証拠金はFX取引に必要な担保金として資金を拠出するもの
FX取引は、主に通貨を売買することによって為替差益を得ることを目的として行う取引です。取引を行う場合は、まず証拠金と呼ばれるお金をFXブローカーに対して拠出する必要があります。この拠出金とは、取引を行うための担保の役割を果たすものだと理解しておけばよいでしょう。
FX取引の特徴は、この証拠金の何倍もの金額で取引を行える点にあります。この証拠金は、取引が決済されると投資家の元に戻ってくるお金です。つまり、証拠金という名の担保を提供することで、実質的にはFX取引に必要な資金を借りて取引ができるということです。
また、この証拠金は、投資家の手持ち資金のうち投資に回せる金額から FXブローカーに対して送金されます。実際の取引は、国内FXであれば証拠金の最大25倍、海外FXであれば証拠金の千倍といった大きな倍率での取引も可能になります。
結果的に、少額の資金しか持っていない投資家であっても、大きな金額の取引ができるようになります。このFXの特徴を支えているのが証拠金の仕組みなのです。
FXの証拠金の種類と投資可能資産との関係
余剰証拠金とは?
余剰証拠金とは、有効証拠金から必要証拠金を差し引いた金額をいいます。つまり、必要とされる証拠金の金額に対して多く拠出している分の金額が余剰証拠金なのです。
FX取引を開始したあとで為替相場が変動し為替差益が発生した場合は、その利益の分が余剰証拠金に加算され、為替差損が発生した場合は、その損失の分が余剰証拠金から控除されることになります。
余剰証拠金が多くなると取引に活用できない資金をブローカーに預け続けていることになりますので資金効率は下がりますが、余剰証拠金があればその範囲で新規の注文が可能になります。
有効証拠金とは?
有効証拠金とは、FXブローカーの預かり取引証拠金にその時点の取引の評価損益を加減した金額のことです。
例えば、証拠金として10万円を送金して取引している場合、その金額がそのまま有効証拠金になるわけではありません。
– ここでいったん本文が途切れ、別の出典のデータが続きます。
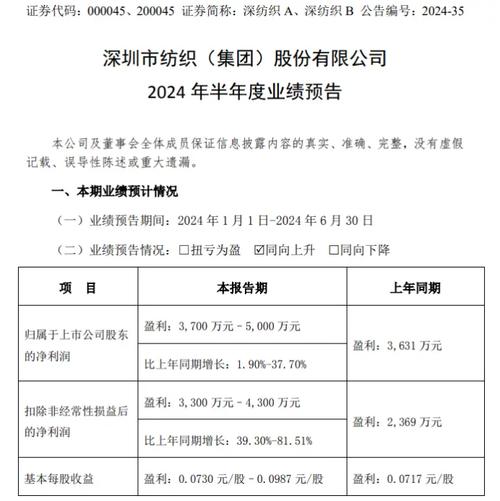 深纺织 A:上半年业绩预增,偏光片市场远景
广阔
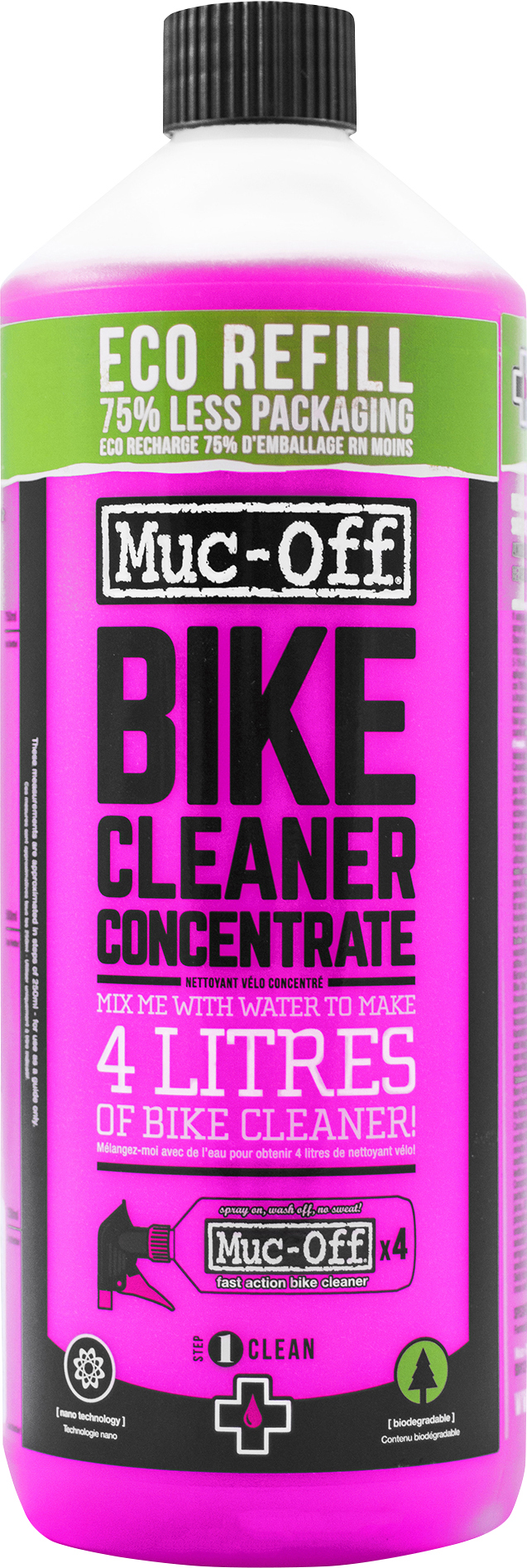 Cleaner Refill Muc Off Nano Tech Bike Cleaner Review Muc-Off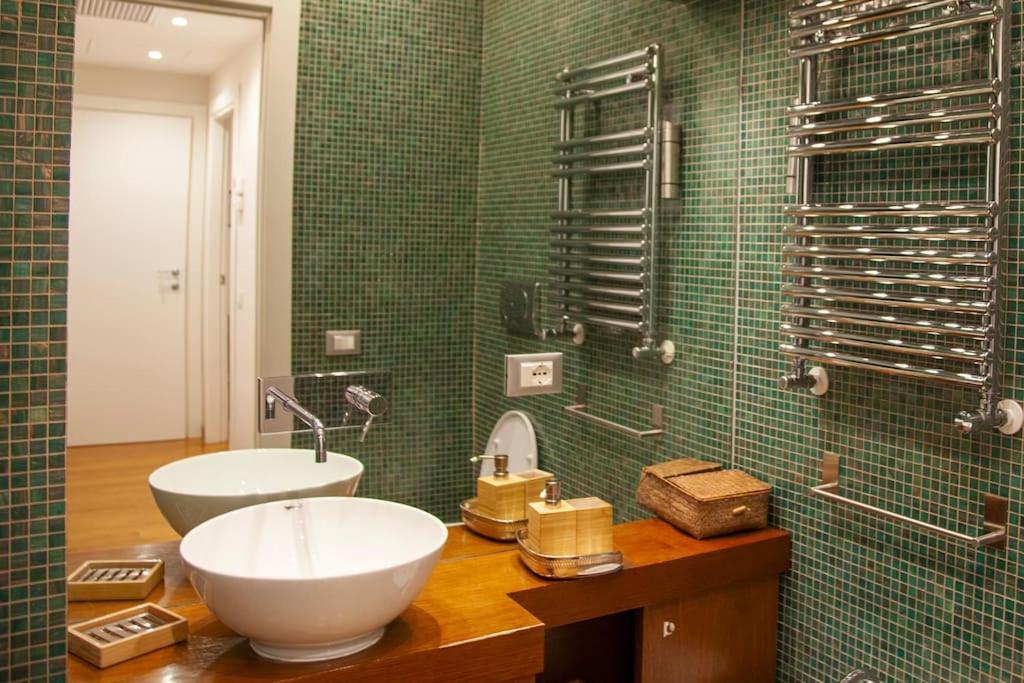 Roma, Gemelli Casa Eleganza, Resort Modernista Zewnętrze zdjęcie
取引によって2万円の評価損失が生じていれば、その分減額されて有効証拠金は8万円です。また、取引によって2万円の評価益が出ている場合は、有効証拠金は12万円ということになります。
注文必要証拠金とは?
注文証拠金とは、指値注文をしてまだ成立していない取引について必要となる証拠金のことです。
取引が成立すると、その必要となる証拠金はFXブローカーに担保として拘束されることになりますが、注文が成立する前であっても、取引成立した場合にどの程度の金額が拘束されることになるのかが注文必要証拠金の金額を見ることでわかります。FXブローカーによって、注文時に注文必要証拠金が拘束される場合とされない場合があります。
資産合計とは?
FX取引の全体の状況がわかる取引画面には、資産合計という名称で表示されている金額もあります。FXブローカーによっては、この資産合計金額について「預かっている顧客の円資産合計が表示されている」といった内容の説明文を載せていることもあります。
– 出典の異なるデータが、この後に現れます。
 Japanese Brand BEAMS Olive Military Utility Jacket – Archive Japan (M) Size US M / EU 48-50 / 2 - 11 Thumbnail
この資産合計とは、確定している資産の合計額をいいます。評価損益は含みませんので、結果的に評価損益が加味されている有効証拠金の金額から評価損益を差し引いた金額と同じです。
最低証拠金はFXブローカーごとに違う
FX口座の開設が終わるといよいよFX取引を始めることになりますが、口座を開設しただけでは取引注文を出すことはできません。取引注文を出す前に証拠金を送金しておく必要があります。
FXブローカーによって、口座開設と同時に送金が求められる場合もあれば、実際の取引開始前に送金すればよい場合もあります。しかし、いずれにしろ、ある程度の証拠金が送金済になっていないと注文を出すことができません。送金しておくことで取引できる状態になる証拠金の最低金額が最低証拠金なのです。
最低証拠金の額も、FXブローカーによって違います。なかには初回入金としての最低保証金はゼロというブローカーもある一方で、最低1万円というブローカーもあれば10万円としているブローカーもあります。
実際に取引する場合には、必要となる証拠金が送金済になっていないと注文を受け付けてもらえませんので、ご自身がどの程度のレバレッジをかけ、いかほどの取引をするのかを想定した上で、FXブローカーが求める最低額以上の金額を送金するようにしましょう。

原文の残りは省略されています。